5. Policy that embraces technological innovation (but is not besotted by it): Disruption only goes so far as a roadmap for change. The policy conversations that begin with the requirements for electronic health records and health information exchange standards will help frame public policy on data that will have wide-reaching impact. FDA guidelines on mHealth and mobile medical apps, expected later this year, will bring clarity and stability to the field. The enthusiasm for data, though, should not overshadow the fact that the United States still needs to provide more basic and preventative health care to more people at a cheaper cost—a problem whose solution we will almost certainly not find in big data.
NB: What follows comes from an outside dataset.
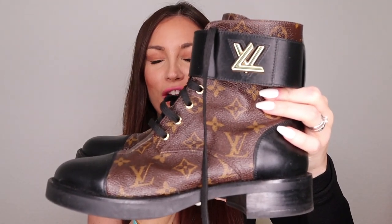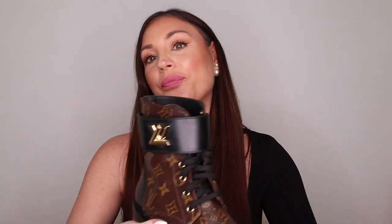I love them so much, I'm so happy I got them! These are the Wonderland Flat Ranger boots from Louis Vuitton — look at them, they're so beautiful! Let me show you one up close. They come with a gold lock that you can open up, and what's beautiful is you can actually remove the lock if you want and wear them without it. I personally am going to keep the lock on because it gives such a cute detail.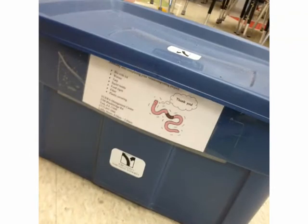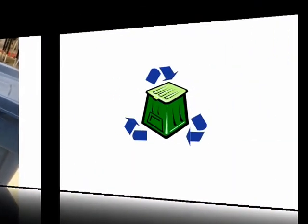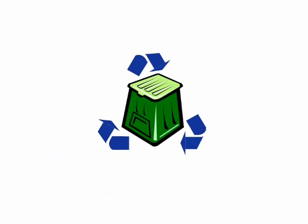We have a red wiggler compost bin in our classroom. Our red wigglers are making compost for our garden.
At last year's Stanford Medicine X Conference, a speaker confidently gave a simple, linear equation: “Data leads to knowledge which leads to change.” This seemed sensible enough to most in the room because it reflects the values of quantified self and data-driven health innovation. An audience member, however, changed the tone of the discussion by responding, “If knowledge translated into behavior we wouldn't need psychologists.” At the heart of many current attempts at data-driven health is a powerfully seductive but inherently flawed model of the relationship of data to knowledge, interpretation, and action. For individual users this model relies on a clear and direct relationship of information to behavior, which has been refuted by generations of psychologists (we know what is bad for us but still do it) and health communication scholars (“hearing” such messages is far from straightforward). And yet, most mobile health and wellness applications advertise their usefulness by asking potential users to trust that their data, absent of a rich context of actions, can lead to change. For health enterprise users, this model fails to address the practices and legacies and traditions that make or break the successful adoption technology. Without consideration of social uses and clinical practices, big data will fail to cure the woes of the U.S. health-care system.